→ **WHAT TO DO**
Write back every line of the listing exactly, excluding images.

━━ INFORMATION SHOWN ━━

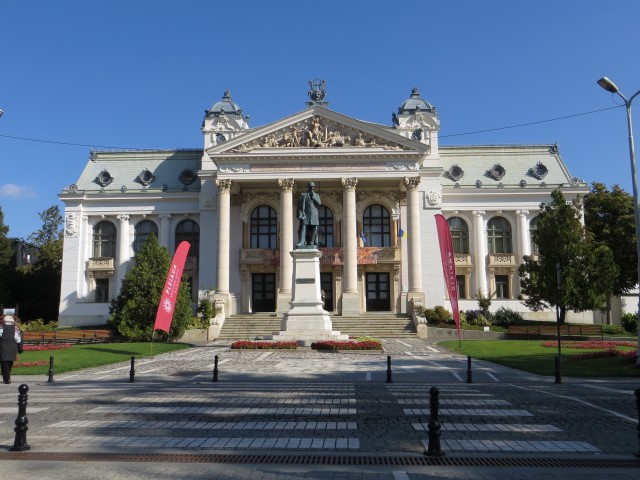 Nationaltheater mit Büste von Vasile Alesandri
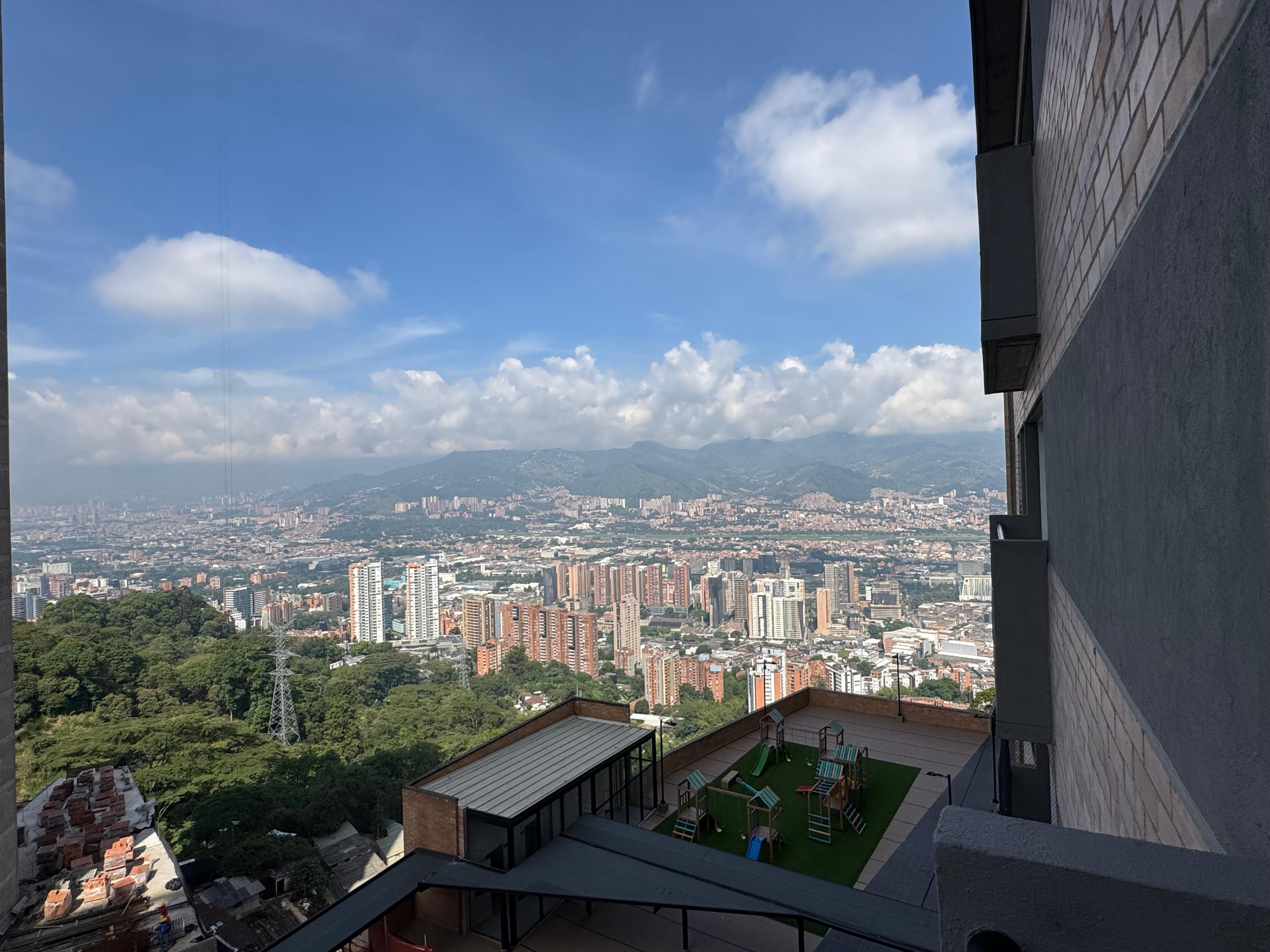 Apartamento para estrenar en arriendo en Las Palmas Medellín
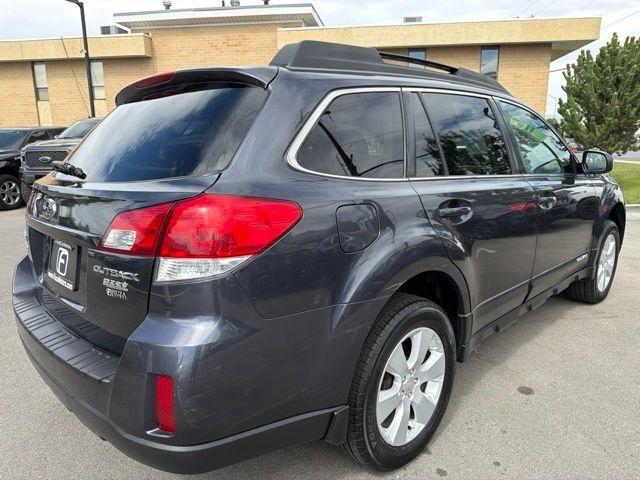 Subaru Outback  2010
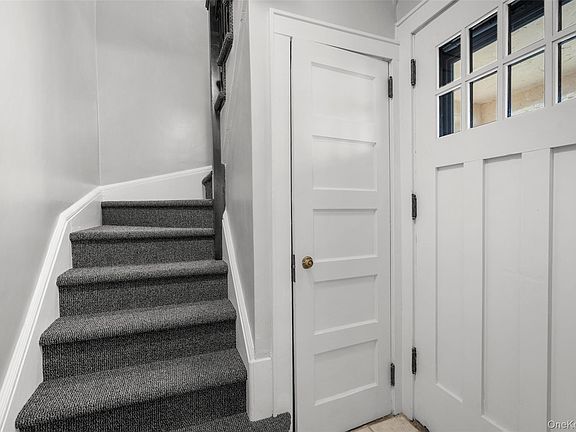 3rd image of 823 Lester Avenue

━━━

→ **SOLUTION FOR THIS EXERCISE**
 Nationaltheater mit Büste von Vasile Alesandri
 Apartamento para estrenar en arriendo en Las Palmas Medellín
 Subaru Outback  2010
 3rd image of 823 Lester Avenue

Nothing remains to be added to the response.